WHAT IS NEEDED>
Only the lines below starting at the one containing "Pocket solid button" and ending at the one containing "Jil Sander Black wool sweater, view 4" belong in the answer, each copied exactly.

:: THE INPUT

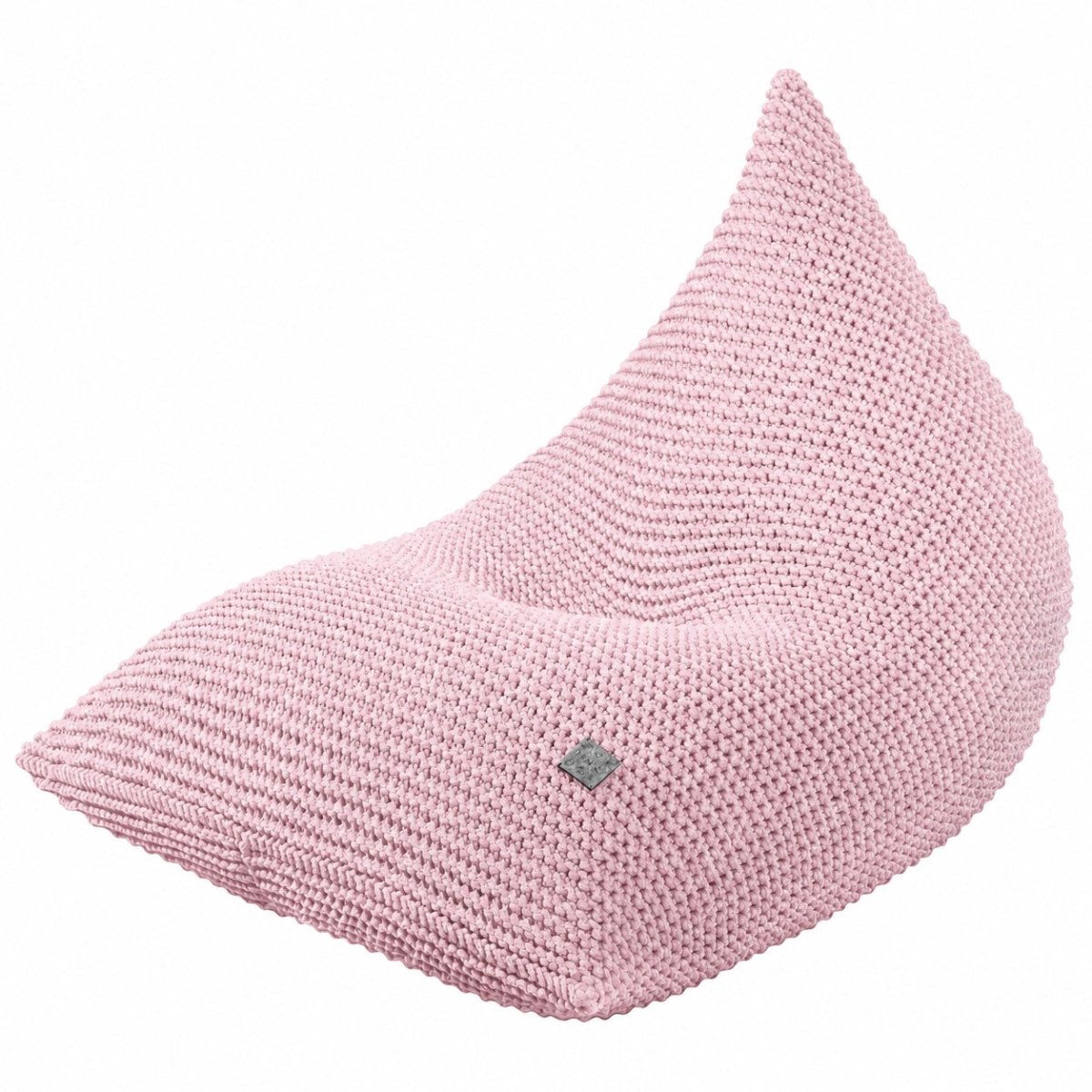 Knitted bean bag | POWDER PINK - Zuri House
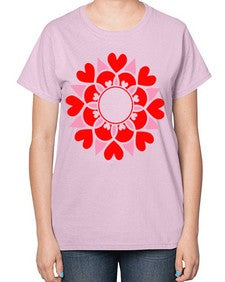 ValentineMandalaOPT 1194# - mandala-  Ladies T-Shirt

::::
:: THE INPUT

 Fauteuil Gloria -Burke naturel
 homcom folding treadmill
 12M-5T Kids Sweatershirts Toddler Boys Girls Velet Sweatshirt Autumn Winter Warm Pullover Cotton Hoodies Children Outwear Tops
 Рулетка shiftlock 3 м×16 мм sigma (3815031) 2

::::
:: THE INPUT

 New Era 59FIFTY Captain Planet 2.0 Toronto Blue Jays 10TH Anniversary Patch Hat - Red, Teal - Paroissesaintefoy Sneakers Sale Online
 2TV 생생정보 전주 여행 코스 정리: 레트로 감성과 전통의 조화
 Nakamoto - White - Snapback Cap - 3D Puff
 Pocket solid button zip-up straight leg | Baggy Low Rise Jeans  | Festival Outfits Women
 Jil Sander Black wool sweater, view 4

::::

ANSWER BOX>
 Pocket solid button zip-up straight leg | Baggy Low Rise Jeans  | Festival Outfits Women
 Jil Sander Black wool sweater, view 4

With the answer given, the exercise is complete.